### EXERCISE
Where the records contain images, omit them, and repeat everything else word for word.

### SOURCE MATERIAL
>>>>>
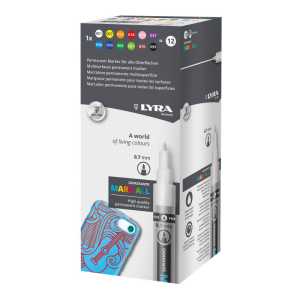 Graduate Mark All Permanent Paint Markers Set, Assorted Colors, 0.7mm XS Tip, 12 Pieces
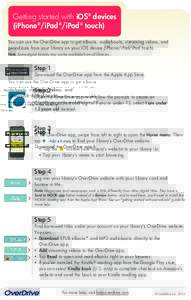 Getting started with iOS® devices (iPhone®/iPad®/iPod® touch) You can use the OverDrive app to get eBooks, audiobooks, streaming videos, and periodicals from your library on your iOS device (iPhone/iPad/iPod touch). 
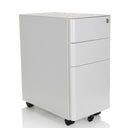 Hvid metal Rullecontainer COLOR I med tre skuffer og hjul fra hjh OFFICE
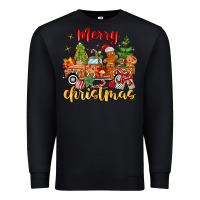 Black merry christmas gingerbread truck Premium Sweatshirt - MaliasSmallBusiness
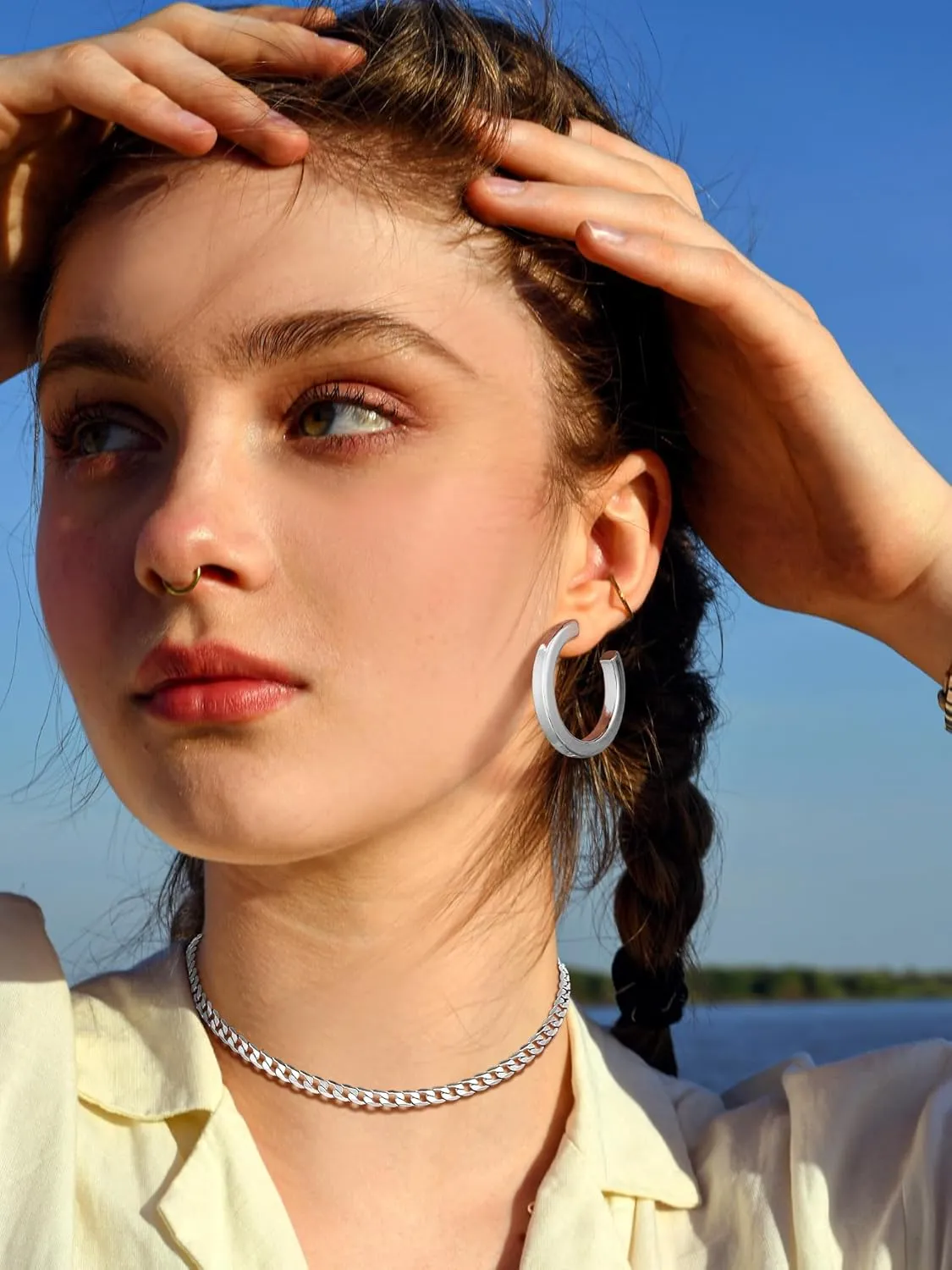 Stainless Steel Chunky Hoop Earrings For Women, Minimalist and Chic, Black/Gold Plated, Round Hoops Earrings Hypoallergenic, Size: 30mm/40mm/60mm/80mm, Come with Box
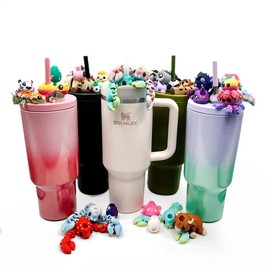 Sip Sidekicks - Articulating 3D Printed Animal Figurines – Pocket-Sized Drinkware Collectibles – Adorable 3D Printed Straw Buddy for Tumbler Cups | Collectible Cup Charm:_Bookish Turtle - Crimson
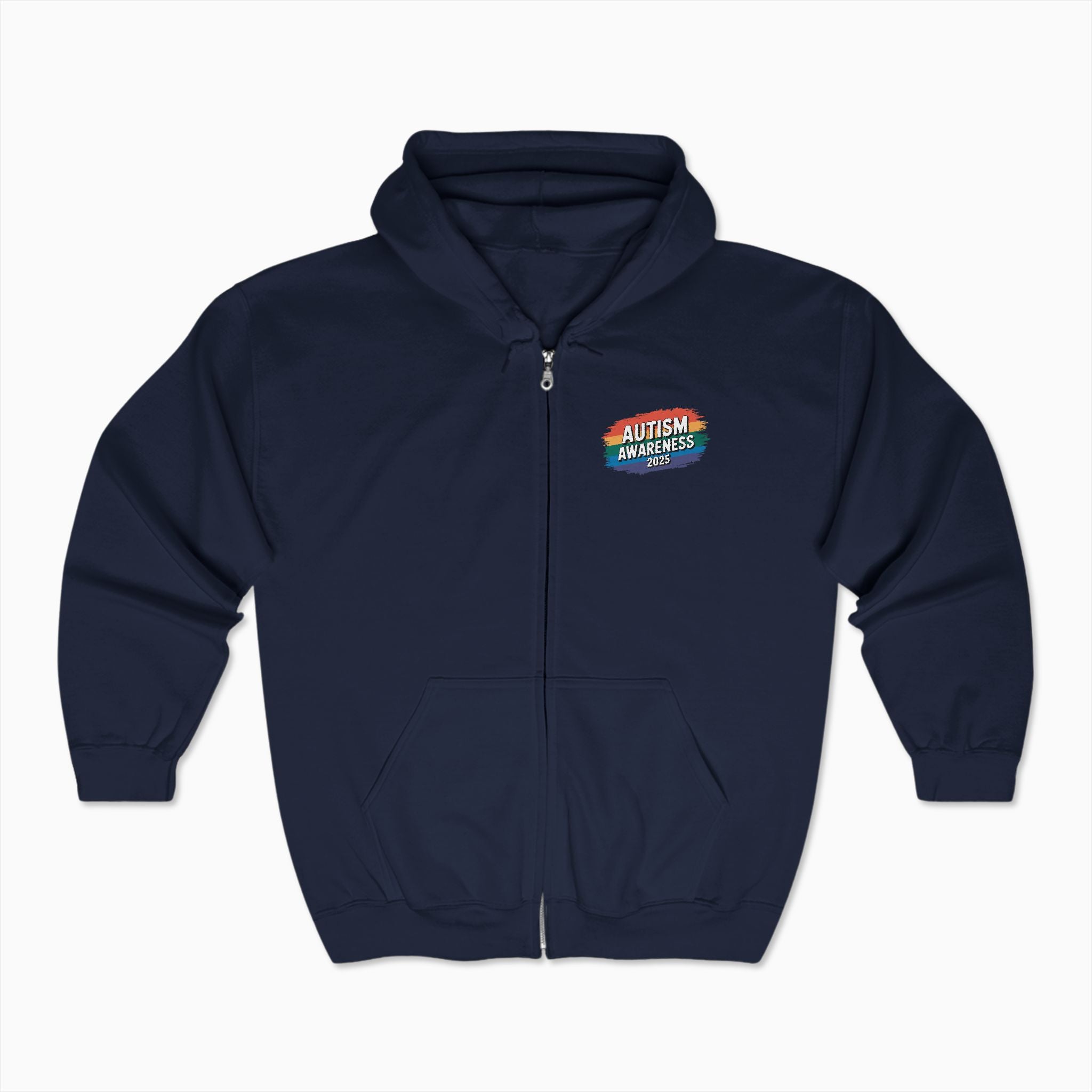 Autism Awareness 2025 - Brushstrokes of Awareness Zip Up Hoodie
<<<<<
### RESULT FOR THIS EXERCISE
 Graduate Mark All Permanent Paint Markers Set, Assorted Colors, 0.7mm XS Tip, 12 Pieces
 Getting started with iOS® devices (iPhone®/iPad®/iPod® touch) You can use the OverDrive app to get eBooks, audiobooks, streaming videos, and periodicals from your library on your iOS device (iPhone/iPad/iPod touch). 
 Hvid metal Rullecontainer COLOR I med tre skuffer og hjul fra hjh OFFICE
 Black merry christmas gingerbread truck Premium Sweatshirt - MaliasSmallBusiness
 Stainless Steel Chunky Hoop Earrings For Women, Minimalist and Chic, Black/Gold Plated, Round Hoops Earrings Hypoallergenic, Size: 30mm/40mm/60mm/80mm, Come with Box
 Sip Sidekicks - Articulating 3D Printed Animal Figurines – Pocket-Sized Drinkware Collectibles – Adorable 3D Printed Straw Buddy for Tumbler Cups | Collectible Cup Charm:_Bookish Turtle - Crimson
 Autism Awareness 2025 - Brushstrokes of Awareness Zip Up Hoodie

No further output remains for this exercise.